To demonstrate the latter, a canonical image recognition task (the MNIST database of handwritten digits45) was attempted using a simulated crossbar composed of 15,680 of our organic memristive synapses. Ten separate perceptrons or SNUs- one for each digit class- each require double the number of synaptic devices as pixels (p = 784) to encode positive and negative weights. All see a given example digit simultaneously and all correct weights simultaneously as given by the error case (if there is one). By the end of training, the Widrow-Hoff algorithm has progressively adjusted weights (device conductances) such that each SNU emulates a binary classifier between the chosen class and all others (geometrically, this solution is a hyperplane in p-dimensional space). As visible in Supplementary Fig. S14, performance on this task is robust: top performances for SO and SR modes are at 86% and 88% respectively and mild dispersions around the thresholds and Gmax are not noticeably detrimental. While SR mode continues to slightly improve performance as it receives more training samples, SO performance markedly declines after a certain number are given due to a saturation of all devices towards Gmax. Similarly to the logic gate case, SR is superior in the symmetric case but substantially degrades when asymmetry (violent RESETs) are considered. Figure S14 shows that in the worst case- every RESET pulse is double the power of SET- both variable and uniform devices fail to consistently resolve the MNIST task at greater then 70% accuracy even when many samples are given. Supplementary Fig. S15 further demonstrates that even simulated systems with worse than experimental levels of variability continue to perform well on the task. SR is more resilient than SO as dispersions increase, which may relate to devices with very low Gmax becoming ‘stuck-on’ early (whereas they could be decreased in SR). The task shows that a large memristive perceptron using binary Widrow-Hoff approaches the natural accuracy limit of a perfect perceptron implemented in software (90%). The higher performance on MNIST than the 3-XOR problem highlights a trade-off between exactness and efficiency in hardware ANNs. With logic functions every case of the truth table must be perfectly emulated, while in classification problems aggregate dynamics allows for approximately correct answers to emerge.

Discussion

While our system is not the first to demonstrate a perceptron built with organic memristive synapses28, our memristive learning system is the first to scale to speeds relevant to applications in real-time data processing, to co-integrate hardware neurons with memristive synapses in a fully embedded learning system and to analyze and demonstrate robust learning over characteristic dispersions in device behavior. These advances significantly improve the prospects for ANNs built from organic nanosynpases.

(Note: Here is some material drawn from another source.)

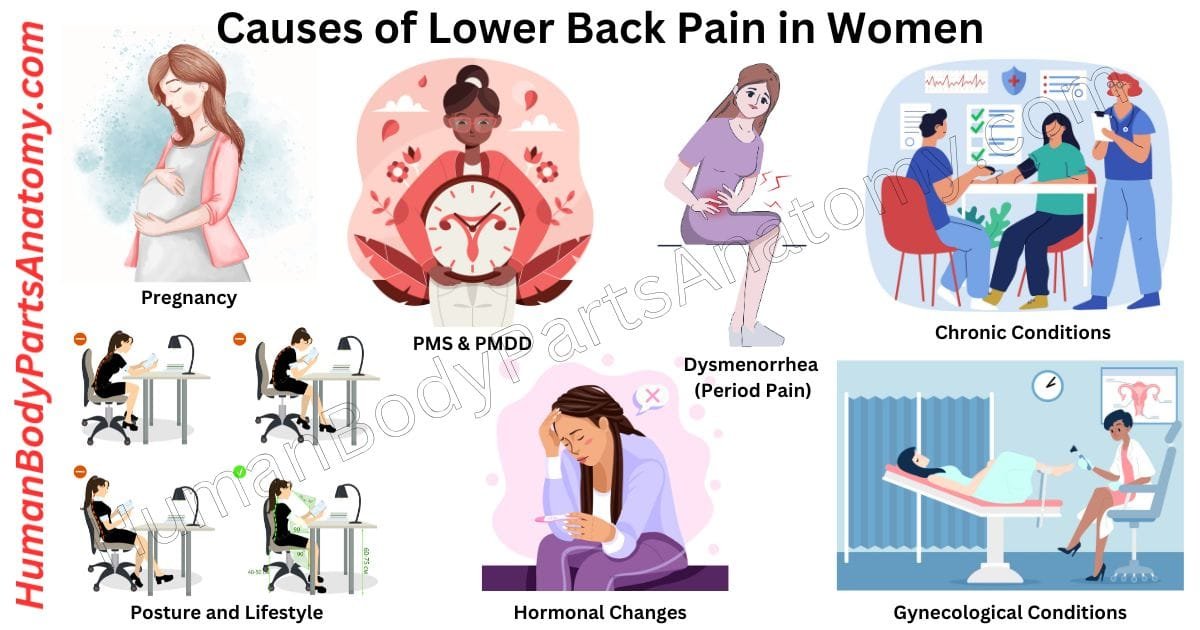 Lower back pain in women causes, symptoms, risks, and treatment tips illustration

The existing demonstrator relied upon a pulse generator and a FPGA exterior to the same chip that contains the nanodevices, yet a fully on-chip implementation of the neural network can be achieved by associating organic transistors directly with the nanosynapses. Additionally, the organic devices could themselves be leveraged in the finite state machine implementation, as recently demonstrated46. In this scheme, each SNU also includes a pair of memristive devices that uses a concept known as stateful logic to signal the correct configuration while additional transistors connect programming or common lines at appropriate moments. This circuitry suffices to route error-correcting pulses to SNUs with the appropriate error case. While an on-board finite state machine comes with an area overhead to the crossbar, one such system may be shared by several interconnecting crossbar arrays (layers). Additionally, our system may be integrated with low cost, organic sensors47. Associating sensing to a hardware neural network could allow a particularity cost and energy effective “smart sensor” feature, essential for many biomedical and ubiquitous sensing applications.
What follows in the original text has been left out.